ACTION heard before Hoke, J., and a jury at Spring Term, 1892, of MADISON.
W. W. Jones and H. T. Rumbough for plaintiff.
J. M. Gudger, T. F. Davidson, C. M. Busbee and F. A. Sondley for defendant.
The same case upon a former appeal is reported in 109 N.C. 703, and the facts pertinent to this appeal sufficiently appear in the opinion of Associate Justice Burwell.
One of the issues submitted to the jury by the court was as follows: "Was W. E. Watkins authorized to draw and accept said bill of exchange for the defendant company?" There was verdict for the plaintiff, (752) and from the judgment thereon defendant appealed.

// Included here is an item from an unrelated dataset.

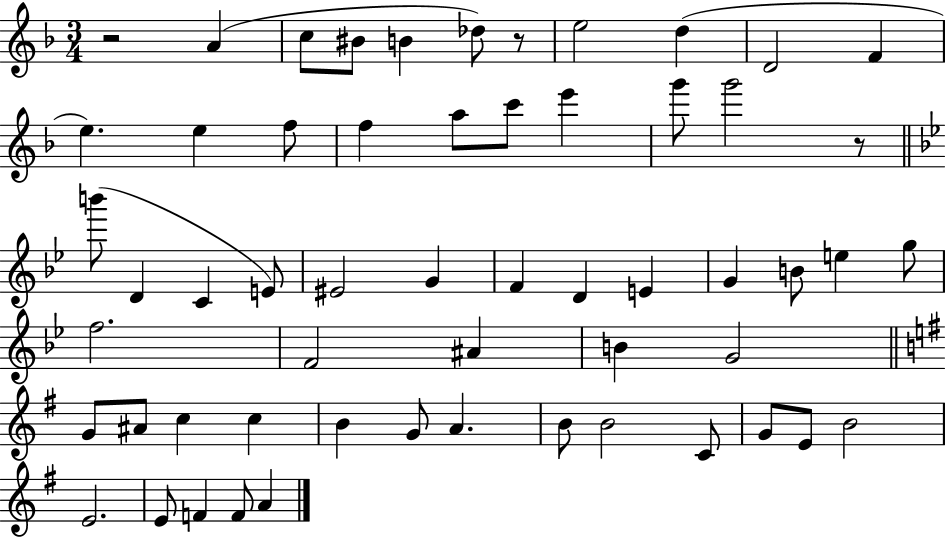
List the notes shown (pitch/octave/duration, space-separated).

The plaintiff's action is founded upon a draft drawn in his favor by W. E. Watkins for the sum of $950 and accepted by said Watkins in the name of the defendant corporation. It was necessary to the establishment of his claim that plaintiff should prove that Watkins had authority to bind the defendant in this manner. In his effort to do this he was allowed on the trial, notwithstanding the objection of defendant, to introduce the declarations of the president and general manager of defendant company, made after the alleged acceptance, to the effect that Watkins had authority so to contract for the defendant. This was not proper. Smith v. R. R., 68 N.C. 107. It is there said that "the power to make declarations or admissions in behalf of a company as to events or defaults that have occurred and are past, cannot be inferred as incidental to the duties of a general agent to superintend the current dealings and business of the company. No such power is expressly given by the by-laws of defendant company, and a general power so unusual and so unnecessary in the ordinary business of a company must require a clear and distinct grant." In that case the declaration offered was that of the superintendent, who "had authority from the president and directors of the road to arrange and alter the tariff of freights, and generally to make all other contracts with shippers over the road," and the controversy was in relation to a contract for the shipment of freight. Here, it is true, the declarations (753) introduced were those of the president. But the name of the officer cannot change the rule. It is a question not of name but of authority. Officers of corporations, from the highest to the lowest, are only the agents of such corporations. What acts they perform and what contracts they make for their principals are binding if within the scope of their particular authority, express or implied. But the scope of the authority of one officer or agent, as to a past transaction at least, cannot be proved by the unsworn declaration of another officer or agent. The objection to the admissibility of such testimony is obvious.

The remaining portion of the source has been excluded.